Server sales depend on stuff being served. A bunch of servers are sold running Exchange, so when email was the most important application, mobile devices had to hook into Exchange. Now a lot of mobile applications depend on "the cloud," and the cloud is reified in Linux servers run by Amazon, Google, Rackspace, Facebook, etc. This is a major threat to Microsoft, which is why they were so happy to have the Azure cloud grow into a $1 billion business so quickly.
Office depends on documents being locked into the Office formats. The Office division prefers to develop for Windows. (The MacOS port is done by a separate Macintosh Business Unit organizationally within the Office division.) With mobile devices becoming more powerful, people are trying to do more work on them, which currently means they're weaning themselves off of Office. No more commentary needed.
Windows is an obvious thing. Fall of PCs, rise of mobiles. One problem is that Apple has trained their developers to be used to the idea of disruptive change every couple years. Microsoft has cultivated an image of being nice and solid, so improvement-averse companies could build on Microsoft systems. Now that Microsoft is adopting Apple-style disruptive change but not achieving Apple-level market shares, they are making the whole Microsoft Windows lock-in model less attractive.
Posted by: R | August 28, 2013 at 12:02 PM
@leebase
Actually, the rise of mobiles not running Windows is hugely threatening to Microsoft. Microsoft was founded back when "PC" meant a box with no user interaction except for a panel of switches and a couple rows of lights. Microsoft has adapted as PCs have changed into their current forms. Everybody in the operating system industry agrees that smartphones are basically PCs that can make phone calls.
If everything people do can be done in a web browser that is not Internet Explorer, then why go with Microsoft for the "truck class"? Macs are nice but safely expensive.

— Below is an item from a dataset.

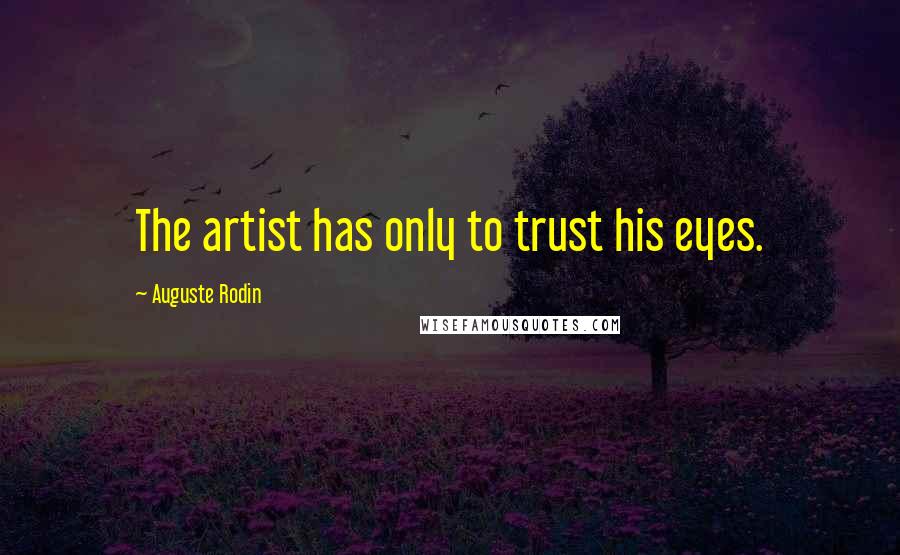 Auguste Rodin Quotes: The artist has only to trust his eyes.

But Chromebooks and Chrometops promise the web browser with no maintenance hassle. If Android is your primary platform, then why not use that on your "truck"? Several companies now sell micro-PCs that plug into HDMI ports and run Android. A few companies, including HP, are selling experimental All-in-One PCs running Android instead of Windows.

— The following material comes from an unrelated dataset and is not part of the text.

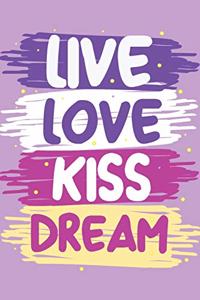Live Love Kiss Dream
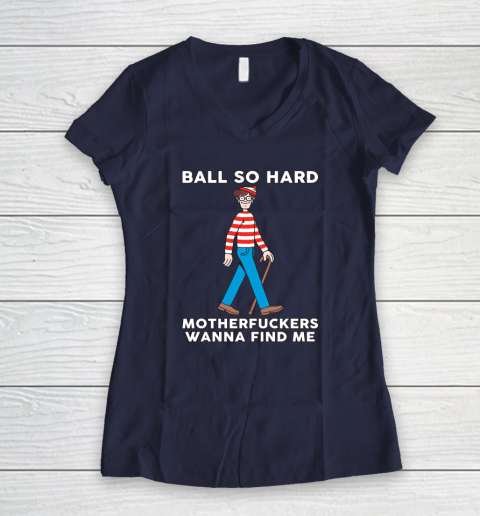 Ball So Hard Motherfuckers Wanna Find Me Women's V-Neck T-Shirt 7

While Microsoft is still profitable, they're looking at trends and taking the long-term view. And the trend is that traditional PC sales are going down, not just market share. If you include smartphones and tablets, Microsoft's market share is already a minority. Printers are being built with Airprint and Cloud Print, so you could actually do office work entirely on your iOS or Android device. It's a sign of the waning influence of Microsoft, because printer manufacturers are not known for producing printer drivers that they don't have to.
Desktop is the present of Microsoft, but they need Mobile to be the future. They will do whatever they have to for a chance of Bill Gates-level success in it. I hate Microsoft, and Ballmer is a big, 6'5" part of that hate, so they have their work cut out for them.

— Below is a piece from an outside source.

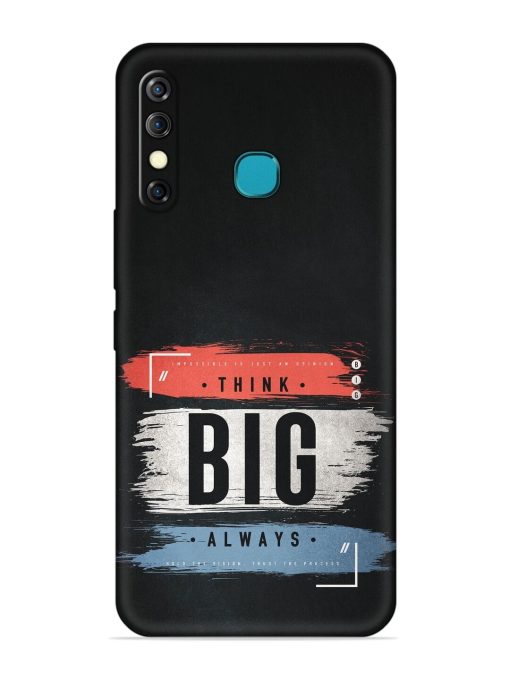 Think Big Always Embossed Soft Silicone Case for Infinix Hot 8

Posted by: R | August 28, 2013 at 09:42 PM
@R:
>> They will do whatever they have to for a chance of Bill Gates-level success in it.
Hint: They will never achieve that. The owned the PC because there was no competitor. The only one who might have been able to own this space was Apple and they priced themselves out of business with their early Macs and their refusal to open up the system.
To rule Mobile it's too late, plain and simple. And they won't stand any chance with an Apple copycat (locked down and restricted) when the original is more popular tham Macs have ever been in the PC world and an open competitor with huge market share already exists.
Microsoft can try what they want, this battle is lost forever. Also, please read the fine print: Nobody predicts that Microsoft may abandon mobile, but it can easily be that they abandon Windows Phone because it'll get them nowhere. The system had it chance and everything that happened so far tells us that the only way to sell it is by selling below cost.